I was only referring to our AI timelines mode, in this case it’s defined as the most likely year in which superhuman coder arrives. 

In general the concept of mode for most of the scenario decisions seems not well defined as e.g. for non-naturally-numeric choices it depends on how you define the categories and what past events you condition on (for the timelines mode we’re conditioning on the starting point but in other cases one might condition on all events thus far). 

I would personally describe our process as some mixture of sampling what intuitively feels most likely at each point (which might e.g. correspond to the mode of a natural categorical breakdown or of a distribution conditional on all events thus far, but we mostly didn’t explicitly calculate this), while also optimizing for making things not too degenerate and overall intuitively feel like a plausible trajectory (because by default doing mode every time would look unlike what we actually expect in some sense, because in the real world there will be many surprises).

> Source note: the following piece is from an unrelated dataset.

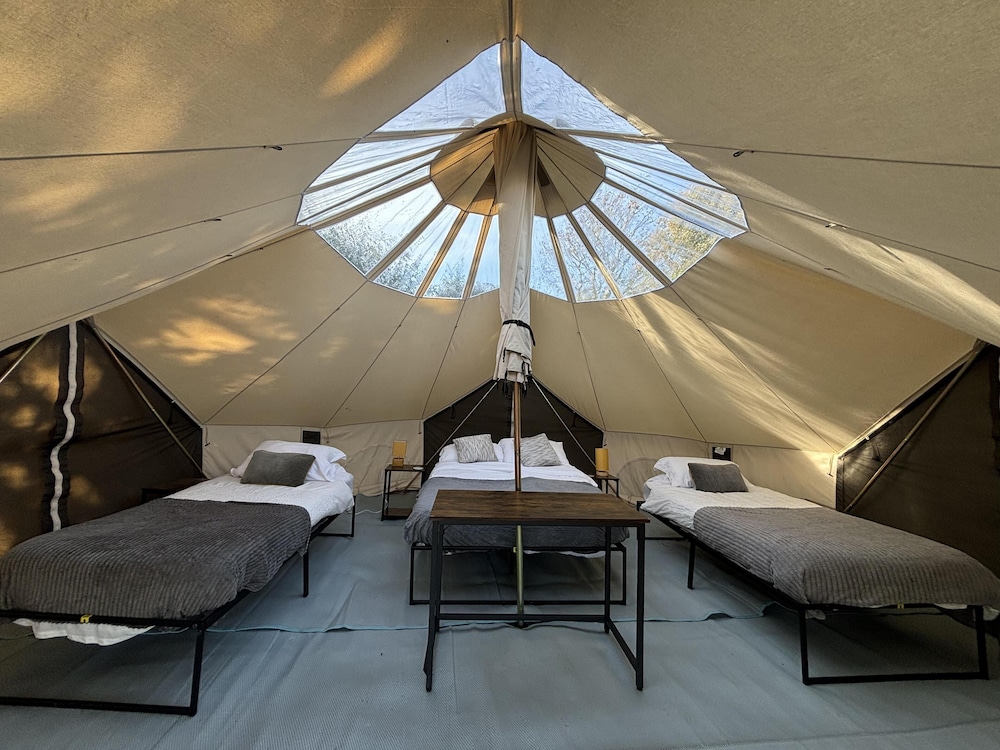 Cozy Winter Hot Tent With Log Burner, Tv & Hot tub view 4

As an example of how much definitions matter here, if we just conditioned on the previous conditions for each month and sampled what big algorithmic improvements might happen treating this as a categorical variable which enumerated many possible improvements, we might never end up with any specific algorithmic improvements or end up with them quite late in the game. But if we instead assume that we think overall probably some will come before superhuman coder and then pick what we think are the most likely ones even though any individual one may be <50% this quickly (though not totally clear in this case) and <<50% in any individual month, then we end up with neuralese recurrence and shared memory bank right before SC.


Perhaps a simpler example of how categorization matters is that if we break down possible AIs’ goals very granularly then we have the most peobabilities of AIs being very well aligned, relative to any very specific misaligned goal. But we overall have more probability on misalignment in this scenario so we first make that high level choice, then we choose one of the most likely specific misaligned goals.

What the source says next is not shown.